Autrement dit, les pseudo-trotskystes argentins ont réussi à faire adopter par les Assemblées populaires qu'elles ne sauraient prendre le pouvoir … que dans la perspective de s'en défaire aussitôt au profit d'une "Assemblée constituante". Ce mot d'ordre démocratique (qui plus est dans un pays où les libertés démocratiques, bien que bafouées, existent plus que formellement) est mis en travers du développement ultérieur du mouvement des masses.

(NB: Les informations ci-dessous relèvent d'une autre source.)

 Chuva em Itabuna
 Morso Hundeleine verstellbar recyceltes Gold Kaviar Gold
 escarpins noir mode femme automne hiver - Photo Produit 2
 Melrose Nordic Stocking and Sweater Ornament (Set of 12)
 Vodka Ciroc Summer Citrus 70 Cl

Au combat pour le pouvoir et le gouvernement ouvrier est substitué une perspective électoraliste, proposant aux travailleurs de s'en remettre aux urnes, et ne répondant en aucun cas à la question du pouvoir, question essentielle.


Le chemin vers le gouvernement ouvrier


L'Assemblée populaire nationale du 17 mars a cependant adopté un programme qui en de nombreux points est celui que seul un gouvernement ouvrier pourrait mettre en œuvre en Argentine.

  Citons notamment:

"- Refus de la dette extérieure; nationalisation de la banque et du commerce extérieur;

-renationalisation sans indemnité des entreprises privatisées;

-étatisation des usines fermées, sous contrôle ouvrier;

 -plus aucun licenciement;

-indexation des salaires et pensions sur les prix;

-annulation de la baisse de 13% des salaires et des pensions;

-annulation du corralito;

 -réduction de la journée de travail à 6 heures par jour sans perte de salaire;

-arrêt des subventions gouvernementales au patronat et utilisation de l'argent pour la santé et l'éducation;

-rejet du budget 2002;

-le jugement des responsables de la répression depuis 1976"

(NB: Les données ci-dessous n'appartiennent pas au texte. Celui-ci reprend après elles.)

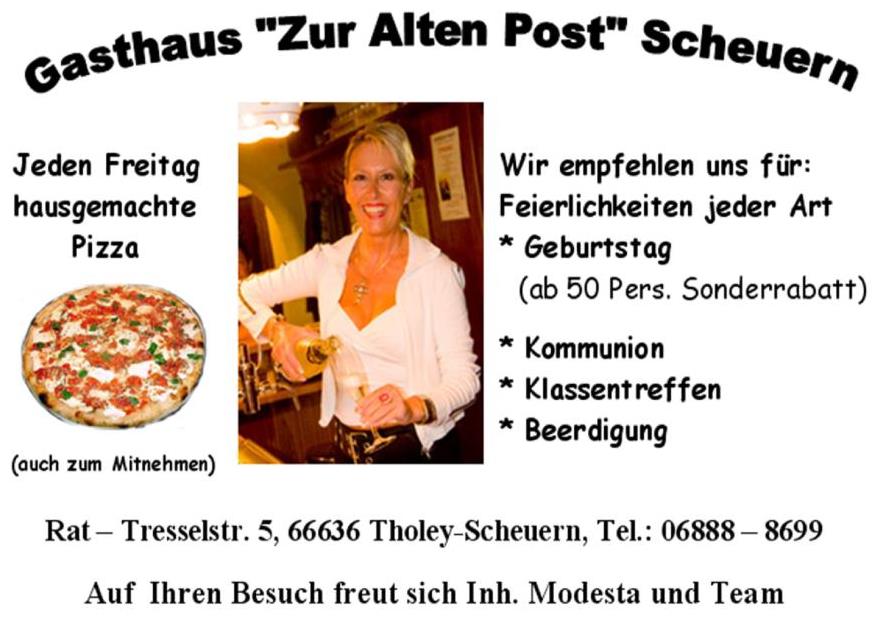 Werbepartner der Woche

  Outre l'absence de réponse à la question décisive du pouvoir, qui peut se traduire par le combat pour un gouvernement émanant des Assemblées populaires, manque à ce programme un de ses corollaires: qu'elles mettent en oeuvre le contrôle ouvrier sur le ravitaillement et la production. Sans cette perspective, le programme adopté, aussi correct soit-il, reste en grande partie platonique. La classe ouvrière argentine ne peut pas ne pas le sentir, ce qui explique (outre le poids des deux CGT et de la CTA, la répression policière – notamment des grévistes dans l'enseignement) qu'elle soit aujourd'hui encore dans l'expectative, et que le développement d'organismes du type des assemblées populaires soit encore limité (car ce développement ne peut se réaliser que sur la ligne du combat pour le pouvoir).

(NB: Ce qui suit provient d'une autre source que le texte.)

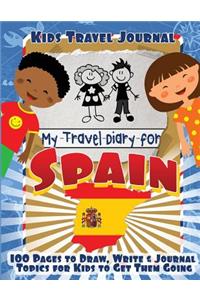 Kids Travel Journal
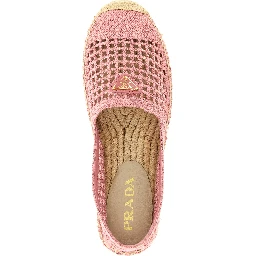 Multicolor Cotton Espadrilles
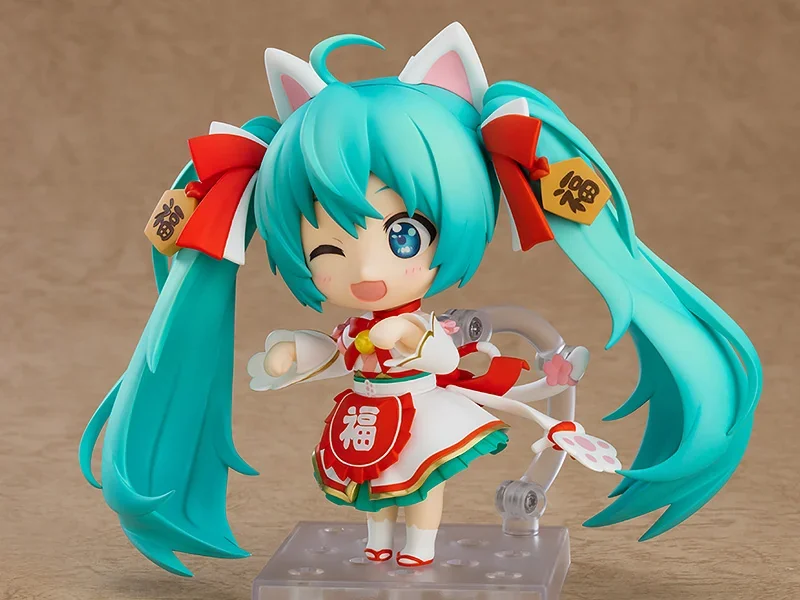 《初音未来》黏土人招财未来Ver. 预计2025年10月发售｜高清图片集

  Combattre aujourd'hui sur cette orientation est indispensable, et une telle agitation doit être reliée au combat pour la construction d'un authentique parti ouvrier combattant pour le pouvoir. La situation est plus que favorable à ce que des pas vers la création d'un tel parti soient réalisés, mais encore une fois toutes les forces politiques existantes en Argentine s'opposent à ce mot d'ordre, soient qu'elles se prennent pour le parti ouvrier (PO), soit qu'elles s'opposent à la création de ce parti. Tel est pourtant une des tâches les plus vitales de l'heure: permettre aux travailleurs argentins de poser leur candidature au pouvoir et de mettre un terme à la catastrophe économique qui s'abat sur eux en organisant la production et le ravitaillement selon leurs besoins, expropriant le capital pour ce faire et mettant sur pied un plan de production et de distribution élaboré et contrôlé par les travailleurs eux-mêmes. Tel serait le chemin vers le gouvernement ouvrier, combattant pour le socialisme, dans la perspective d'Etats-Unis Socialistes d'Amérique Latine.

  Ajoutons enfin qu'outre la défense de cette perspective politique, la responsabilité du mouvement ouvrier en France est de dénoncer le pillage de l'Argentine notamment par les groupes capitalistes français, et, pour commencer, d'exiger l'annulation pure et simple de la dette publique Argentine.